What is required:
Every entry here needs to be repeated exactly.

——

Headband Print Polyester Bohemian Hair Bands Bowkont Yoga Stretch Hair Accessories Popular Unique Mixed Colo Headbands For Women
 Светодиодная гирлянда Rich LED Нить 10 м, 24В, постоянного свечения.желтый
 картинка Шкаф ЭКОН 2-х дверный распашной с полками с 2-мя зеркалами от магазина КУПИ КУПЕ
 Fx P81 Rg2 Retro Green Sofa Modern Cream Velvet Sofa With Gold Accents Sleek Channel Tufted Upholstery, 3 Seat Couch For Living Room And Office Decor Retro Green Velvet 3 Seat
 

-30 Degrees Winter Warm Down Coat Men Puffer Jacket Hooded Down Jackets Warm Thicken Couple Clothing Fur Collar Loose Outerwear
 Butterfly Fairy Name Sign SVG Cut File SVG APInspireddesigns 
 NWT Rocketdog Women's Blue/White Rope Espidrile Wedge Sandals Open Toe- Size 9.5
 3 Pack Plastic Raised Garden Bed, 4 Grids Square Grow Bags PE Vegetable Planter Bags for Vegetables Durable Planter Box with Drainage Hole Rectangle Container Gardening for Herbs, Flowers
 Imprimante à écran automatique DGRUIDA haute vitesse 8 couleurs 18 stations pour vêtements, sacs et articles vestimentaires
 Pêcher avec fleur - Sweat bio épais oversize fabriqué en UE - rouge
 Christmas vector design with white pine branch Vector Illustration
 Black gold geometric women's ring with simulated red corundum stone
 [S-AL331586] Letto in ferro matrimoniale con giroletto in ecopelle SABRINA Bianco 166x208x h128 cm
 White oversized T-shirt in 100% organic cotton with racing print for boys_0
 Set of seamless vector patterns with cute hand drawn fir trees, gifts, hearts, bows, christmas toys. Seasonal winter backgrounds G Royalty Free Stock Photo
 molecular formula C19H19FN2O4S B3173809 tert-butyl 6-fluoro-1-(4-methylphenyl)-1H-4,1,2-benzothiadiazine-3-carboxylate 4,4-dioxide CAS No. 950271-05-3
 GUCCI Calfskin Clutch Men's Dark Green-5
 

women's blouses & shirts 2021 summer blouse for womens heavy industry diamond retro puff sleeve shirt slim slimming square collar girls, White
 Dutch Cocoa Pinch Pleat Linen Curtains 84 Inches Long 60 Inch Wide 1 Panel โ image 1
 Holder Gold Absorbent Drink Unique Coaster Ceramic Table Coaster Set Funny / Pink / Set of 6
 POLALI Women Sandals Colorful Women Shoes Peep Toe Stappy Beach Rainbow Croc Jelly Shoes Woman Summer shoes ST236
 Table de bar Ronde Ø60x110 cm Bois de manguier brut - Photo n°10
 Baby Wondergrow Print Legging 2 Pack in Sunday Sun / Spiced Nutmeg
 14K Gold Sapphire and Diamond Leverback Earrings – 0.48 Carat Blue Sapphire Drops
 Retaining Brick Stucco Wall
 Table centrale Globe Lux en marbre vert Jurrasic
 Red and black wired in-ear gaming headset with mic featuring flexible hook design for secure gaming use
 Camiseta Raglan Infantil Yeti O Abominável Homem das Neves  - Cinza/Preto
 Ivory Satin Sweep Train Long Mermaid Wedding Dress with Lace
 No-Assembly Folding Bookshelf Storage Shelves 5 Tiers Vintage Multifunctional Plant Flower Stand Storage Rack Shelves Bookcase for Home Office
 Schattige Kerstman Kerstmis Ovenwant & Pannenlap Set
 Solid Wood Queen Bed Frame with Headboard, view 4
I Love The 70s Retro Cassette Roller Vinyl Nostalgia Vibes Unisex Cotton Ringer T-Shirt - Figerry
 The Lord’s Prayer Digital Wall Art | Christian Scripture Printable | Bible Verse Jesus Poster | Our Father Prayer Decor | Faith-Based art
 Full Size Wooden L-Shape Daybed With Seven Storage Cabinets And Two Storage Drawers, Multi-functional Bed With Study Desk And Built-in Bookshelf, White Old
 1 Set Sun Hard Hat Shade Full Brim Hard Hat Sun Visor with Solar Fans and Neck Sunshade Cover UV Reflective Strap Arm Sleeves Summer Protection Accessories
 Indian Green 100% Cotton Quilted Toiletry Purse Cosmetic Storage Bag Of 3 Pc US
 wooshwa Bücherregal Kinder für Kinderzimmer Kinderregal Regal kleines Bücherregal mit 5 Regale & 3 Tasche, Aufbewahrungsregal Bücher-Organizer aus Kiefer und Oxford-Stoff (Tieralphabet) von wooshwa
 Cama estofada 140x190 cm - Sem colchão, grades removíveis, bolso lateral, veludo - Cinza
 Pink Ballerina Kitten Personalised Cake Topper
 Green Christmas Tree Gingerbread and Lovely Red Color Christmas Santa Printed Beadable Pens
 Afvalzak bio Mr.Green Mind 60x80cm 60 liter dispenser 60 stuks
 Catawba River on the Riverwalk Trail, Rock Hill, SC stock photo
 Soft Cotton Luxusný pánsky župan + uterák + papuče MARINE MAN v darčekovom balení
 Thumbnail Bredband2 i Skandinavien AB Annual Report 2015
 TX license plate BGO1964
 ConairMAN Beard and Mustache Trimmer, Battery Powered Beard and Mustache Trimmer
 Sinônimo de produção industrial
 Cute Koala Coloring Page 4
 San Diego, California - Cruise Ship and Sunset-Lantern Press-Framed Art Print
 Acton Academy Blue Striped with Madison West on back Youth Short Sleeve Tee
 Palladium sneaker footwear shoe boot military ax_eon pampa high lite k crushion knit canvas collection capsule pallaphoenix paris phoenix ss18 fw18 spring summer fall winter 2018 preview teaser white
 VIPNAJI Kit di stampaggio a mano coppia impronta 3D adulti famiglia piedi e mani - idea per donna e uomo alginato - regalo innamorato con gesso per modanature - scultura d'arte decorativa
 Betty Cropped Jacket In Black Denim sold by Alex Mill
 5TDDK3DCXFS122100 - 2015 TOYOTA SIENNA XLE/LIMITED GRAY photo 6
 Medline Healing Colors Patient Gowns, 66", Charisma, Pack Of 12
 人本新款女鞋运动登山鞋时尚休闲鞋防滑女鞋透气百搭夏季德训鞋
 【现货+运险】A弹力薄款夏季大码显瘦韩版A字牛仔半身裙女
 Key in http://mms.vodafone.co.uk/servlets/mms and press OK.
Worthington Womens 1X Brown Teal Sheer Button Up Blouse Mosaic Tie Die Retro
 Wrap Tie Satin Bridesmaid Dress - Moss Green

——

Solution for this task:
Headband Print Polyester Bohemian Hair Bands Bowkont Yoga Stretch Hair Accessories Popular Unique Mixed Colo Headbands For Women
 Светодиодная гирлянда Rich LED Нить 10 м, 24В, постоянного свечения.желтый
 картинка Шкаф ЭКОН 2-х дверный распашной с полками с 2-мя зеркалами от магазина КУПИ КУПЕ
 Fx P81 Rg2 Retro Green Sofa Modern Cream Velvet Sofa With Gold Accents Sleek Channel Tufted Upholstery, 3 Seat Couch For Living Room And Office Decor Retro Green Velvet 3 Seat
 

-30 Degrees Winter Warm Down Coat Men Puffer Jacket Hooded Down Jackets Warm Thicken Couple Clothing Fur Collar Loose Outerwear
 Butterfly Fairy Name Sign SVG Cut File SVG APInspireddesigns 
 NWT Rocketdog Women's Blue/White Rope Espidrile Wedge Sandals Open Toe- Size 9.5
 3 Pack Plastic Raised Garden Bed, 4 Grids Square Grow Bags PE Vegetable Planter Bags for Vegetables Durable Planter Box with Drainage Hole Rectangle Container Gardening for Herbs, Flowers
 Imprimante à écran automatique DGRUIDA haute vitesse 8 couleurs 18 stations pour vêtements, sacs et articles vestimentaires
 Pêcher avec fleur - Sweat bio épais oversize fabriqué en UE - rouge
 Christmas vector design with white pine branch Vector Illustration
 Black gold geometric women's ring with simulated red corundum stone
 [S-AL331586] Letto in ferro matrimoniale con giroletto in ecopelle SABRINA Bianco 166x208x h128 cm
 White oversized T-shirt in 100% organic cotton with racing print for boys_0
 Set of seamless vector patterns with cute hand drawn fir trees, gifts, hearts, bows, christmas toys. Seasonal winter backgrounds G Royalty Free Stock Photo
 molecular formula C19H19FN2O4S B3173809 tert-butyl 6-fluoro-1-(4-methylphenyl)-1H-4,1,2-benzothiadiazine-3-carboxylate 4,4-dioxide CAS No. 950271-05-3
 GUCCI Calfskin Clutch Men's Dark Green-5
 

women's blouses & shirts 2021 summer blouse for womens heavy industry diamond retro puff sleeve shirt slim slimming square collar girls, White
 Dutch Cocoa Pinch Pleat Linen Curtains 84 Inches Long 60 Inch Wide 1 Panel โ image 1
 Holder Gold Absorbent Drink Unique Coaster Ceramic Table Coaster Set Funny / Pink / Set of 6
 POLALI Women Sandals Colorful Women Shoes Peep Toe Stappy Beach Rainbow Croc Jelly Shoes Woman Summer shoes ST236
 Table de bar Ronde Ø60x110 cm Bois de manguier brut - Photo n°10
 Baby Wondergrow Print Legging 2 Pack in Sunday Sun / Spiced Nutmeg
 14K Gold Sapphire and Diamond Leverback Earrings – 0.48 Carat Blue Sapphire Drops
 Retaining Brick Stucco Wall
 Table centrale Globe Lux en marbre vert Jurrasic
 Red and black wired in-ear gaming headset with mic featuring flexible hook design for secure gaming use
 Camiseta Raglan Infantil Yeti O Abominável Homem das Neves  - Cinza/Preto
 Ivory Satin Sweep Train Long Mermaid Wedding Dress with Lace
 No-Assembly Folding Bookshelf Storage Shelves 5 Tiers Vintage Multifunctional Plant Flower Stand Storage Rack Shelves Bookcase for Home Office
 Schattige Kerstman Kerstmis Ovenwant & Pannenlap Set
 Solid Wood Queen Bed Frame with Headboard, view 4
I Love The 70s Retro Cassette Roller Vinyl Nostalgia Vibes Unisex Cotton Ringer T-Shirt - Figerry
 The Lord’s Prayer Digital Wall Art | Christian Scripture Printable | Bible Verse Jesus Poster | Our Father Prayer Decor | Faith-Based art
 Full Size Wooden L-Shape Daybed With Seven Storage Cabinets And Two Storage Drawers, Multi-functional Bed With Study Desk And Built-in Bookshelf, White Old
 1 Set Sun Hard Hat Shade Full Brim Hard Hat Sun Visor with Solar Fans and Neck Sunshade Cover UV Reflective Strap Arm Sleeves Summer Protection Accessories
 Indian Green 100% Cotton Quilted Toiletry Purse Cosmetic Storage Bag Of 3 Pc US
 wooshwa Bücherregal Kinder für Kinderzimmer Kinderregal Regal kleines Bücherregal mit 5 Regale & 3 Tasche, Aufbewahrungsregal Bücher-Organizer aus Kiefer und Oxford-Stoff (Tieralphabet) von wooshwa
 Cama estofada 140x190 cm - Sem colchão, grades removíveis, bolso lateral, veludo - Cinza
 Pink Ballerina Kitten Personalised Cake Topper
 Green Christmas Tree Gingerbread and Lovely Red Color Christmas Santa Printed Beadable Pens
 Afvalzak bio Mr.Green Mind 60x80cm 60 liter dispenser 60 stuks
 Catawba River on the Riverwalk Trail, Rock Hill, SC stock photo
 Soft Cotton Luxusný pánsky župan + uterák + papuče MARINE MAN v darčekovom balení
 Thumbnail Bredband2 i Skandinavien AB Annual Report 2015
 TX license plate BGO1964
 ConairMAN Beard and Mustache Trimmer, Battery Powered Beard and Mustache Trimmer
 Sinônimo de produção industrial
 Cute Koala Coloring Page 4
 San Diego, California - Cruise Ship and Sunset-Lantern Press-Framed Art Print
 Acton Academy Blue Striped with Madison West on back Youth Short Sleeve Tee
 Palladium sneaker footwear shoe boot military ax_eon pampa high lite k crushion knit canvas collection capsule pallaphoenix paris phoenix ss18 fw18 spring summer fall winter 2018 preview teaser white
 VIPNAJI Kit di stampaggio a mano coppia impronta 3D adulti famiglia piedi e mani - idea per donna e uomo alginato - regalo innamorato con gesso per modanature - scultura d'arte decorativa
 Betty Cropped Jacket In Black Denim sold by Alex Mill
 5TDDK3DCXFS122100 - 2015 TOYOTA SIENNA XLE/LIMITED GRAY photo 6
 Medline Healing Colors Patient Gowns, 66", Charisma, Pack Of 12
 人本新款女鞋运动登山鞋时尚休闲鞋防滑女鞋透气百搭夏季德训鞋
 【现货+运险】A弹力薄款夏季大码显瘦韩版A字牛仔半身裙女
 Key in http://mms.vodafone.co.uk/servlets/mms and press OK.
Worthington Womens 1X Brown Teal Sheer Button Up Blouse Mosaic Tie Die Retro
 Wrap Tie Satin Bridesmaid Dress - Moss Green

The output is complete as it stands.